Malene appears a little controlling of Iben who because of her experiences is referred to to as 'the hero from Nairobi' - for example, at a party where Iben is getting on well with mutual friend, the writer Gunnar (Magnus Krepper), due to their shared love of Africa, Malene asks to be taken home because of her arthritis, telling Iben on the journey that people like Gunnar are 'born unfaithful.' Malene will later sleep with him.
At work tensions between Anne-Lise and the others, principally baselessly orchestrated by Malene (who has, she confesses, begun to hate healthy people), increase, particularly when all of the women except Anne-Lise receive threatening texts from an anonymous source that they suspect is either from a Serbian war criminal who they have been researching, via a paper entitled 'Psychology of Evil', or someone closer to home. Iben and Camilla become drawn into Malene's increasing hatred of Anne-Lise and the office dynamic becomes three against one, a subtle change which their rather hands off boss Paul (Olaf Johannessen) is ineffective in addressing. Malene's partner Rasmus (Simon Sears) is an IT whizz who wants to send some spyware back to the message originator to find out their identity; what he discovers may or may contribute to his downfall.
The subject of the women's research is a Serbian war criminal named Mirko Zigic (Borut Veselko); psychologically he's one of the 10 - 30% of any army that, when asked to carry out atrocities, go over and above their required duties; basically he's insane. It is popularly believed that after the war Zigic became part of the country's mafia operations, but it's possible he may have arrived in Denmark.
And it's this narrative parallel - Malene's marshaling of her work colleagues in an escalating hate campaign against Anne-Lise without evidence to support it, alongside a more general overview, in the context of the Centre's studies, of how power works in the same way in the context of military dictatorships - that audiences are forced to accept. The parallel clearly wants us to reflect on Edmund Burke's famous line "for evil to succeed, it is only necessary for good men to do nothing" - evidenced in one character's brave action later in the film - although whether a group of bickering office workers can be comfortably compared with those who perpetuate horrendous war atrocities is a matter of speculation.
The truth about the messages is less convoluted than might be suggested and the climax is arguably both soapy and melodramatic. Some of the mid-section scenes misfire, principally a sequence where Anne-Lise infiltrates Camille's choir looking for information, which may give us some key exposition but is also mildly silly. Unsurprisingly by the time all is revealed the women have been (mostly) forced to confront their own histories.

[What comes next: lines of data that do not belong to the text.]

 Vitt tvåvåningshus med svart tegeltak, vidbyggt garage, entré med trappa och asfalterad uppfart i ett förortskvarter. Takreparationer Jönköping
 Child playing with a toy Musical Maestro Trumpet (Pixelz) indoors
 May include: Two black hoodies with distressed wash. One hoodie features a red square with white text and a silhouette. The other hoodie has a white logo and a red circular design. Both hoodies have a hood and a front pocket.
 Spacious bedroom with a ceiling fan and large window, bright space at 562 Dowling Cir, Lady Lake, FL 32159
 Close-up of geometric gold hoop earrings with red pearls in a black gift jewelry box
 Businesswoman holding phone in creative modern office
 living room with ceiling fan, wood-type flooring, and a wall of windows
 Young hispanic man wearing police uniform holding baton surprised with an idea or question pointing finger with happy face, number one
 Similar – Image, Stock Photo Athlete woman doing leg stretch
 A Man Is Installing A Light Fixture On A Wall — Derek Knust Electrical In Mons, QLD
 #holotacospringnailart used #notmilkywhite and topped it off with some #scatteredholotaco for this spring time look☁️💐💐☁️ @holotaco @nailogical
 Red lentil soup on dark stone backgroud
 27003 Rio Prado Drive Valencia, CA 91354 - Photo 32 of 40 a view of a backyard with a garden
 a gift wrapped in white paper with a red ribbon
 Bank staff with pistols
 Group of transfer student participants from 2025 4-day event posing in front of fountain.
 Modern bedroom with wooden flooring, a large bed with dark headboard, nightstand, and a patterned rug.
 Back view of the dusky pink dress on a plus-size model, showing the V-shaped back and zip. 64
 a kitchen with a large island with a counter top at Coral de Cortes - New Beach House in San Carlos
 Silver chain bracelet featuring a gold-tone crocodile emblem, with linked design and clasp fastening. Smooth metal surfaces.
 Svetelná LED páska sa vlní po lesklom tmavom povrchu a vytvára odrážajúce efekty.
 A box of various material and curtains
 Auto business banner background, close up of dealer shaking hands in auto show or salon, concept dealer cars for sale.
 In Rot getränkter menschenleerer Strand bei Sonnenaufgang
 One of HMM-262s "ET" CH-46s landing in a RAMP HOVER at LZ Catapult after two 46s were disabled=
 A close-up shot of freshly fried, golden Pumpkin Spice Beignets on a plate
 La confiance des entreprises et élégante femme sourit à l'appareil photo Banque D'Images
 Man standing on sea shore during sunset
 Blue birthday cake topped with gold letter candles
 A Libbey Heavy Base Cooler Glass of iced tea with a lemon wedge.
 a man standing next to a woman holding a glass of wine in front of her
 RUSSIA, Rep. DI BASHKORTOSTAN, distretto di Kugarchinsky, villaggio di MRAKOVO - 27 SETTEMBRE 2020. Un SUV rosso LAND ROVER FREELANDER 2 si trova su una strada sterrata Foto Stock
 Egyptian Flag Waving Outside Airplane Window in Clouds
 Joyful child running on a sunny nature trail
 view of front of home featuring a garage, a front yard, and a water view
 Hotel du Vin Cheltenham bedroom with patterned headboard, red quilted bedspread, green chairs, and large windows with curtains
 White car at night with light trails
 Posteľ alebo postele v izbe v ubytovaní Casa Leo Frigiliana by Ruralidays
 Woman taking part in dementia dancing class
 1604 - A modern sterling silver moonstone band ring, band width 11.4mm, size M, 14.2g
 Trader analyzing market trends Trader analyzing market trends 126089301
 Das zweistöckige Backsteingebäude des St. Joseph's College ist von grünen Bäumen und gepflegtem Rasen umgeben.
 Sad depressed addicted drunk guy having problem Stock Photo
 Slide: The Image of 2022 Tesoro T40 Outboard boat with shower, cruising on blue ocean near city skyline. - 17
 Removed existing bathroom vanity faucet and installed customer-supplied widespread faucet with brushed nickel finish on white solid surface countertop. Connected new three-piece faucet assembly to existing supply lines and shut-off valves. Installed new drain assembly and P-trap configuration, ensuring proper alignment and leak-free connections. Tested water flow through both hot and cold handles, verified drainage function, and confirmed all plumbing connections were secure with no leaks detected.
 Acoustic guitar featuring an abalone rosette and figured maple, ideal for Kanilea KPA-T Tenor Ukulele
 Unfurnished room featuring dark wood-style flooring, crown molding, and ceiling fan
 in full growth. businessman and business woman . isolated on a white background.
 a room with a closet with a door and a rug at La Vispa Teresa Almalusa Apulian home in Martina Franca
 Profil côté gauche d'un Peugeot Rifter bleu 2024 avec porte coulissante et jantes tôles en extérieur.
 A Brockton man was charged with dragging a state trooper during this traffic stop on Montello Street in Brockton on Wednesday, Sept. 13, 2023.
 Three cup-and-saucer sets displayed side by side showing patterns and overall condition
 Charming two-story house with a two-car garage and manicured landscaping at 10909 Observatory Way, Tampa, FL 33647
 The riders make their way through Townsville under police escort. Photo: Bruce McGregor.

While The Exception (the title refers to those who act against likely psychological scenarios; "you can make yourself the exception to the rule, because you have free will", one character comments) asks a lot of the audience, I'm on the side of concluding it a success. Danish drama (on TV at least, and Nielsen has some experience here) has a habit of taking a relatively low level dilemma and exploring it in almost forensic detail; I'm thinking here both of Maya Ilsøe's family opus The Legacy (in which Lene Maria Christensen starred) and Adam Price's political drama Borgen, some episodes of which Nielsen directed, and which propelled Sidse Babett Knudsen to fame. The four women at the centre of the drama occupy their roles subtly and completely, and the script refuses to provide easy answers to any of the problems it dwells on. Over the top it may occasionally be, but I found The Exception riveting and extremely well made.